-- Opening Marker --

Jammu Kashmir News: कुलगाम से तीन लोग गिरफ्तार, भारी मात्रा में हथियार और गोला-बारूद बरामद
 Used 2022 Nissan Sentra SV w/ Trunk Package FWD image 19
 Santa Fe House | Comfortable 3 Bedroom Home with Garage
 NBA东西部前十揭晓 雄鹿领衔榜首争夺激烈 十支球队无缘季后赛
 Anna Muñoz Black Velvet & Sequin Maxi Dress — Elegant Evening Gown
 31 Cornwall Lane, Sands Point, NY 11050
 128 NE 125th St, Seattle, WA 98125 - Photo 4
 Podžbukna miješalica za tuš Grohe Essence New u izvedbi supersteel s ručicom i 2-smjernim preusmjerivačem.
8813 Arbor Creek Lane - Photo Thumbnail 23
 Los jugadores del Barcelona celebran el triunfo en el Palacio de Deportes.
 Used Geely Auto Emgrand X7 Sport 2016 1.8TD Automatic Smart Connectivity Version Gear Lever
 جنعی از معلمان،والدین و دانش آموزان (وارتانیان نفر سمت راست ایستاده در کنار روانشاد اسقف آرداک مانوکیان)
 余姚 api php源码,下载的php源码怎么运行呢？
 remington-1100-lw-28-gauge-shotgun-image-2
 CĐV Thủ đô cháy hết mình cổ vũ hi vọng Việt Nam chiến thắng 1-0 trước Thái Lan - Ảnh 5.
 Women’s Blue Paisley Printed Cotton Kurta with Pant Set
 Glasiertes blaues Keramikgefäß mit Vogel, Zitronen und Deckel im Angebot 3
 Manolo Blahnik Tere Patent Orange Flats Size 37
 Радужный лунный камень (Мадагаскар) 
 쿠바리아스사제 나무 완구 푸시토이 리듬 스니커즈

-- Closing Marker --

-- ABOUT THIS TASK --
Copy out all lines above holding "Used".

-- RESULT OF THE EXERCISE --
 Used 2022 Nissan Sentra SV w/ Trunk Package FWD image 19
 Used Geely Auto Emgrand X7 Sport 2016 1.8TD Automatic Smart Connectivity Version Gear Lever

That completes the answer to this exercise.